---------- Records provided ----------

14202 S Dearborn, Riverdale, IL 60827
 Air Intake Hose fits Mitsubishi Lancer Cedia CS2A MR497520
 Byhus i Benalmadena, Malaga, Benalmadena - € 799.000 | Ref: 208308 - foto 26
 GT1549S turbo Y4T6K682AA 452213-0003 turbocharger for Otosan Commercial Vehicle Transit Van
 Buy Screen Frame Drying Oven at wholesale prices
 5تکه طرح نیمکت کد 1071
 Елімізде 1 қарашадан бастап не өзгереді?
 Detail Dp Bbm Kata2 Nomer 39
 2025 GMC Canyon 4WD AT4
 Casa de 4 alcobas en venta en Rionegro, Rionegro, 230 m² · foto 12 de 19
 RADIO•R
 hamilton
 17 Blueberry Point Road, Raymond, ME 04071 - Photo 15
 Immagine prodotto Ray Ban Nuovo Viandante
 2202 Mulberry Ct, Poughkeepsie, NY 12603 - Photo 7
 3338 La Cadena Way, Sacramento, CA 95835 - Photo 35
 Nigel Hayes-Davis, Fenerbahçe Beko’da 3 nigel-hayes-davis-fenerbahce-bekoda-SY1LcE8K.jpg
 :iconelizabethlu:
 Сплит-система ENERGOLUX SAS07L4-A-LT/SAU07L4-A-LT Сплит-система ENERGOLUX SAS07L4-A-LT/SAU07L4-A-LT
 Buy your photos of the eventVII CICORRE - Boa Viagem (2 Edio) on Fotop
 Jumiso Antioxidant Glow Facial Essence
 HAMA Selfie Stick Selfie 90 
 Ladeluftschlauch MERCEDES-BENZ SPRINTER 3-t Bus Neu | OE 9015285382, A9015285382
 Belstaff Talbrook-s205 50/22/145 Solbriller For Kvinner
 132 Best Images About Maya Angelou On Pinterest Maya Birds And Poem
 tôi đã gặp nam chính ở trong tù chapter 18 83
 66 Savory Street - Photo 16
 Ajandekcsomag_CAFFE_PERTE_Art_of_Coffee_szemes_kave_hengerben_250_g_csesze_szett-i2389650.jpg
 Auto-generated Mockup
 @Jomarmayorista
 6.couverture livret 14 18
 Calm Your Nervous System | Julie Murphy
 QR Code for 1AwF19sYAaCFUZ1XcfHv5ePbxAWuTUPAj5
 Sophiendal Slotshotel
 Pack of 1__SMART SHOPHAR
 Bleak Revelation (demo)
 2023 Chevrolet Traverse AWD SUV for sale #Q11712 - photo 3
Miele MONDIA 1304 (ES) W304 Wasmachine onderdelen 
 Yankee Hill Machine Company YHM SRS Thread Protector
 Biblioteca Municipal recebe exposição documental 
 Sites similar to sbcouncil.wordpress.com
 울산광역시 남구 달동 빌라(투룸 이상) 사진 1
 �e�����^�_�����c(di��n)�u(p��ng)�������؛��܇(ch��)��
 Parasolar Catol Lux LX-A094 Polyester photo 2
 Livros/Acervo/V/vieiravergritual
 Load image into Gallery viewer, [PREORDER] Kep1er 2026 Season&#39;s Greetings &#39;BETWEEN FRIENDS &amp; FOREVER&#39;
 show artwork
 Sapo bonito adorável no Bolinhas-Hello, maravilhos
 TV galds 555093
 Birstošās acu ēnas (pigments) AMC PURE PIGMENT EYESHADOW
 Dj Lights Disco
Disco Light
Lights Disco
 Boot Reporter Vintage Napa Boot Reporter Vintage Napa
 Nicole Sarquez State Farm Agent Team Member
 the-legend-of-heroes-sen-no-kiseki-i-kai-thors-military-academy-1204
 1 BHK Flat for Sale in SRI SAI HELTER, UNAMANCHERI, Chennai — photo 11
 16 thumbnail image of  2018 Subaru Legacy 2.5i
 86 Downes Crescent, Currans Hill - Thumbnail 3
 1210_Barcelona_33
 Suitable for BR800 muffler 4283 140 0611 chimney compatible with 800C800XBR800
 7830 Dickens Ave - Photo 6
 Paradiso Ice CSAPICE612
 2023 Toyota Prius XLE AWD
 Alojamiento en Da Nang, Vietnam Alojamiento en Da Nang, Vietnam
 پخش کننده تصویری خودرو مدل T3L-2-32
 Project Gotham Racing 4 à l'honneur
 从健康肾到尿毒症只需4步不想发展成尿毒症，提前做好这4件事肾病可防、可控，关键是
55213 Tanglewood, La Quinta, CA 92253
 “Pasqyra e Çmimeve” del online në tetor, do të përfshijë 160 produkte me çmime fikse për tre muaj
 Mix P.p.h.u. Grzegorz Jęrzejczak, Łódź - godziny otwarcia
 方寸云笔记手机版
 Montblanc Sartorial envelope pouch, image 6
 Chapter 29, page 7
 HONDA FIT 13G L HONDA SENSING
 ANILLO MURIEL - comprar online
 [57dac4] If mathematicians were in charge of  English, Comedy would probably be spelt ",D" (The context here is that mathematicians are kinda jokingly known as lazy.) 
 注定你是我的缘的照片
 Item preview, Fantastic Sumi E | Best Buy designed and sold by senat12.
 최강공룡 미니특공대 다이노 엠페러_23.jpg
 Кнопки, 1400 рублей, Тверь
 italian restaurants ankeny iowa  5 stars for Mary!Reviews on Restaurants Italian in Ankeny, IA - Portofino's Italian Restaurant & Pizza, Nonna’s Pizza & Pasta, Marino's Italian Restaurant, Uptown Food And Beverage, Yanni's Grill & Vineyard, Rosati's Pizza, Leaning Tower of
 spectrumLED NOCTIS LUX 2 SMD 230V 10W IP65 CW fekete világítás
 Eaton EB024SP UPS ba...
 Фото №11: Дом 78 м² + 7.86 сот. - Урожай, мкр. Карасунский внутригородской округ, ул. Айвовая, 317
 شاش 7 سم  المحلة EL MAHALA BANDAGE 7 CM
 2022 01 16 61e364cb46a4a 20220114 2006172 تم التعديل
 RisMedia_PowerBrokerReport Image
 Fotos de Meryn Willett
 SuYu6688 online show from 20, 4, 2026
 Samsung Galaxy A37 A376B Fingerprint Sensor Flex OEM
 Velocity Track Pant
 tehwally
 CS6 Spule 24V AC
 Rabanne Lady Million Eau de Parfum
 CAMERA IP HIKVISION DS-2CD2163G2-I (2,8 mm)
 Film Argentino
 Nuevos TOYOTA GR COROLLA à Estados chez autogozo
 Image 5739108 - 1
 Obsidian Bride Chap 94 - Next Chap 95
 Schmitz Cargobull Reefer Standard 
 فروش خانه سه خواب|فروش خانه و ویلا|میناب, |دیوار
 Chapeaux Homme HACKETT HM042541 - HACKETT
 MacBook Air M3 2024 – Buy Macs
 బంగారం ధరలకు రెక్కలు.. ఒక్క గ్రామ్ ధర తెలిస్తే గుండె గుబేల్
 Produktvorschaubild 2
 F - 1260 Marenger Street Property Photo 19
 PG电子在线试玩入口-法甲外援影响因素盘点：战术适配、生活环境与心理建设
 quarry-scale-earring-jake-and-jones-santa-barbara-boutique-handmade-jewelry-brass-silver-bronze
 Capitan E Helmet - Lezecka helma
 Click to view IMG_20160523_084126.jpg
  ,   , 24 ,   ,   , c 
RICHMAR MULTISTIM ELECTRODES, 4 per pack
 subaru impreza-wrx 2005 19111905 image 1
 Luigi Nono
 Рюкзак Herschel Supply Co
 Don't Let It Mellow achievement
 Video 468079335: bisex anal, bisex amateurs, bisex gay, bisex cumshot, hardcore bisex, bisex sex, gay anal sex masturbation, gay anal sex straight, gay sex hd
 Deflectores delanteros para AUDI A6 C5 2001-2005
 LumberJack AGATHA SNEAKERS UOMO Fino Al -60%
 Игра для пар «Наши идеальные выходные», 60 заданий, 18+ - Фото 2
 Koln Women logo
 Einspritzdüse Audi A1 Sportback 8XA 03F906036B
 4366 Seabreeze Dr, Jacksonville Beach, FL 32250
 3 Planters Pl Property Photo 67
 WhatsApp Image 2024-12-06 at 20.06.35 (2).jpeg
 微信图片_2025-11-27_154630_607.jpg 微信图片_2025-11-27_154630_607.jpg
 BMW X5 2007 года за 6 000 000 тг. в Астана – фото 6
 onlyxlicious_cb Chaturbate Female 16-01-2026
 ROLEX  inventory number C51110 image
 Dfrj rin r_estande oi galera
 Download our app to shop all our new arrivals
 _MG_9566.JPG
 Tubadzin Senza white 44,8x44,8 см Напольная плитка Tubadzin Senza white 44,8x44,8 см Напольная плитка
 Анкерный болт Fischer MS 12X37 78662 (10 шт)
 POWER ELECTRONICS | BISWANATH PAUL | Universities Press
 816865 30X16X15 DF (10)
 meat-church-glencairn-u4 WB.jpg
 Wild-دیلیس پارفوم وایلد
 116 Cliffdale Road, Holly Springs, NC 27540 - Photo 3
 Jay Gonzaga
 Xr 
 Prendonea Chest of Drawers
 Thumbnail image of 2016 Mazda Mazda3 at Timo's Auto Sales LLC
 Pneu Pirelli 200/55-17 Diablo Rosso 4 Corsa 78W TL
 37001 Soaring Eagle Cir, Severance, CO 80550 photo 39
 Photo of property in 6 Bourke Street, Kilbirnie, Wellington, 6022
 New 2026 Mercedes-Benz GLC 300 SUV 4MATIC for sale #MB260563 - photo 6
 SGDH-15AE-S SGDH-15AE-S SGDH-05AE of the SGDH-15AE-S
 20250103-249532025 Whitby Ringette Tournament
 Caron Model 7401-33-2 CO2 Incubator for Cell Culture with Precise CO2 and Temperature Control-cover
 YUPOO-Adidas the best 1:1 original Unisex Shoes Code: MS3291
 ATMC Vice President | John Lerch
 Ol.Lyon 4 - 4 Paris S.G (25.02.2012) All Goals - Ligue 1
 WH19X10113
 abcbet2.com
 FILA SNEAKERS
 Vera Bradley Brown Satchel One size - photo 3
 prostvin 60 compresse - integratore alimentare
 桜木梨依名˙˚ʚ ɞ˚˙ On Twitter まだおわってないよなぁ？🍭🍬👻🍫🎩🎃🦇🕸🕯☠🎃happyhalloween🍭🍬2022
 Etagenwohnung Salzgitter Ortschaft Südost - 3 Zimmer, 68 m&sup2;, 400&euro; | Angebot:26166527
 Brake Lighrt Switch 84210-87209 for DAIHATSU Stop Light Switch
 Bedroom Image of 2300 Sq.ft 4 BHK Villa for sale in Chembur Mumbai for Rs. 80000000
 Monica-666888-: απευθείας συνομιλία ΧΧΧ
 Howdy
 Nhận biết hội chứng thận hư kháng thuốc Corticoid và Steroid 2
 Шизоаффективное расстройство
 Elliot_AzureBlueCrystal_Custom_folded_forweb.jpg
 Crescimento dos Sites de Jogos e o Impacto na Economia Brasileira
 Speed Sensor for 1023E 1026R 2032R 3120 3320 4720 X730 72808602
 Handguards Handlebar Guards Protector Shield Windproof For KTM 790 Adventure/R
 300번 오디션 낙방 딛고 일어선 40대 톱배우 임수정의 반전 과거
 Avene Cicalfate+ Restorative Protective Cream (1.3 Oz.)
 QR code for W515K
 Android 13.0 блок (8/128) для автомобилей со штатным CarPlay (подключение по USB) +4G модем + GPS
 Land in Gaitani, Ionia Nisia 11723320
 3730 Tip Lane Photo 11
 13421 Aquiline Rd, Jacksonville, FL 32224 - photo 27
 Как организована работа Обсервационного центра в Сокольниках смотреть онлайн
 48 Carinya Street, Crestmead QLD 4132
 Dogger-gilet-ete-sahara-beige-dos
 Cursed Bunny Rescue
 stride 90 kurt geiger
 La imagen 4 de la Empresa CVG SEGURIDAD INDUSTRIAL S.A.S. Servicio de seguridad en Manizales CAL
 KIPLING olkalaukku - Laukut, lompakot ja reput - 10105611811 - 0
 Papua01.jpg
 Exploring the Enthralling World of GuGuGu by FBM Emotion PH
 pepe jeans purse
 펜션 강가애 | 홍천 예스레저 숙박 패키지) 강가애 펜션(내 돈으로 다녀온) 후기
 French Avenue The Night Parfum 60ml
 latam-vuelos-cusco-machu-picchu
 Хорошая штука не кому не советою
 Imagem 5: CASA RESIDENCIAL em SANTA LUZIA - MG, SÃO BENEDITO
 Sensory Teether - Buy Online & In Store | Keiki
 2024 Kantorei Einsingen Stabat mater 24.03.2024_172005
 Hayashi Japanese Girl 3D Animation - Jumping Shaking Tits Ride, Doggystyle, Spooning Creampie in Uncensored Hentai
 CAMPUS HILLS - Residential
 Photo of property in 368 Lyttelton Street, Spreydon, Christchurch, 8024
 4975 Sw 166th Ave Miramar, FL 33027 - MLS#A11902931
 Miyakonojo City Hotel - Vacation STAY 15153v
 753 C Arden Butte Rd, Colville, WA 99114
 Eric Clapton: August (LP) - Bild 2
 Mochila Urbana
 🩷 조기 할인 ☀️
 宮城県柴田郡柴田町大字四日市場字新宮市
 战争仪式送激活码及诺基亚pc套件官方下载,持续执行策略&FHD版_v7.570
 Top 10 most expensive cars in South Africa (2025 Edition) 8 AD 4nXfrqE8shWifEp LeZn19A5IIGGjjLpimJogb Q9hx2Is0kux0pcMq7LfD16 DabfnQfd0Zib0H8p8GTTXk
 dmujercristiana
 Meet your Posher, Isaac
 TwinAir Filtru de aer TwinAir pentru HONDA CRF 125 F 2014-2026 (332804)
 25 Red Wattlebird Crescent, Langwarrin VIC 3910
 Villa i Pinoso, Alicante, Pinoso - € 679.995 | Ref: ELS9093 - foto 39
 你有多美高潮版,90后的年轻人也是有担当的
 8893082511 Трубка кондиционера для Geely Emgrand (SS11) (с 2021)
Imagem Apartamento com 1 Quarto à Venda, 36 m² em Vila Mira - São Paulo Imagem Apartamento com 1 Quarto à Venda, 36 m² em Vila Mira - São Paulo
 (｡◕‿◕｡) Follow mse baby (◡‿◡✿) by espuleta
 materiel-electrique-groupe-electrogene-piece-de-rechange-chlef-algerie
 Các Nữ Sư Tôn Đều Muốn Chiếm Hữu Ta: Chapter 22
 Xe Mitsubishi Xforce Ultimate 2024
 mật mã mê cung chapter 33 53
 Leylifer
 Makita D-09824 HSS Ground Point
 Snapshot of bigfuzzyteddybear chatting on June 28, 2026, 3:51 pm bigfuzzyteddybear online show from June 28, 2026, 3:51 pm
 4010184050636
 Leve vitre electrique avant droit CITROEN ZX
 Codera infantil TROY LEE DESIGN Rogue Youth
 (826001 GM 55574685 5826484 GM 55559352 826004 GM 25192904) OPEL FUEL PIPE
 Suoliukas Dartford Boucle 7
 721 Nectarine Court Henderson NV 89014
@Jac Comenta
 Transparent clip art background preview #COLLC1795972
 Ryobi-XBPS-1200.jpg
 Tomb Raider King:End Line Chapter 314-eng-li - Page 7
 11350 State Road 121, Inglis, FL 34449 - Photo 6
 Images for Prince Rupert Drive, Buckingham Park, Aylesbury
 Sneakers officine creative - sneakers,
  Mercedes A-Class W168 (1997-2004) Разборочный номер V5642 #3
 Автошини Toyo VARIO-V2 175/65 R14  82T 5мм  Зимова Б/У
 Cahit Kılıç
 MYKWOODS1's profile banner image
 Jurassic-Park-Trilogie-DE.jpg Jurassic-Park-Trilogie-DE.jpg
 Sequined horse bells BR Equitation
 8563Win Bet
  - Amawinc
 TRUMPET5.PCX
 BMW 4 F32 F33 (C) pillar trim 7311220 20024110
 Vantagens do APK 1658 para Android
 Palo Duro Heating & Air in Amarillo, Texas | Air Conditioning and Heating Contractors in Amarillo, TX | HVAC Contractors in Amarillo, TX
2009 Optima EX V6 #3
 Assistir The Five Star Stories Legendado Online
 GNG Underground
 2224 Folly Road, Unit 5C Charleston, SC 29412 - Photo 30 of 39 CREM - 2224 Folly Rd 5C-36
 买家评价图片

----------

* _About this task_
Transcribe, exactly as written, all lines of the entries above from the first to the one containing "6.couverture livret 14 18", and no more.

* _Completed task_
14202 S Dearborn, Riverdale, IL 60827
 Air Intake Hose fits Mitsubishi Lancer Cedia CS2A MR497520
 Byhus i Benalmadena, Malaga, Benalmadena - € 799.000 | Ref: 208308 - foto 26
 GT1549S turbo Y4T6K682AA 452213-0003 turbocharger for Otosan Commercial Vehicle Transit Van
 Buy Screen Frame Drying Oven at wholesale prices
 5تکه طرح نیمکت کد 1071
 Елімізде 1 қарашадан бастап не өзгереді?
 Detail Dp Bbm Kata2 Nomer 39
 2025 GMC Canyon 4WD AT4
 Casa de 4 alcobas en venta en Rionegro, Rionegro, 230 m² · foto 12 de 19
 RADIO•R
 hamilton
 17 Blueberry Point Road, Raymond, ME 04071 - Photo 15
 Immagine prodotto Ray Ban Nuovo Viandante
 2202 Mulberry Ct, Poughkeepsie, NY 12603 - Photo 7
 3338 La Cadena Way, Sacramento, CA 95835 - Photo 35
 Nigel Hayes-Davis, Fenerbahçe Beko’da 3 nigel-hayes-davis-fenerbahce-bekoda-SY1LcE8K.jpg
 :iconelizabethlu:
 Сплит-система ENERGOLUX SAS07L4-A-LT/SAU07L4-A-LT Сплит-система ENERGOLUX SAS07L4-A-LT/SAU07L4-A-LT
 Buy your photos of the eventVII CICORRE - Boa Viagem (2 Edio) on Fotop
 Jumiso Antioxidant Glow Facial Essence
 HAMA Selfie Stick Selfie 90 
 Ladeluftschlauch MERCEDES-BENZ SPRINTER 3-t Bus Neu | OE 9015285382, A9015285382
 Belstaff Talbrook-s205 50/22/145 Solbriller For Kvinner
 132 Best Images About Maya Angelou On Pinterest Maya Birds And Poem
 tôi đã gặp nam chính ở trong tù chapter 18 83
 66 Savory Street - Photo 16
 Ajandekcsomag_CAFFE_PERTE_Art_of_Coffee_szemes_kave_hengerben_250_g_csesze_szett-i2389650.jpg
 Auto-generated Mockup
 @Jomarmayorista
 6.couverture livret 14 18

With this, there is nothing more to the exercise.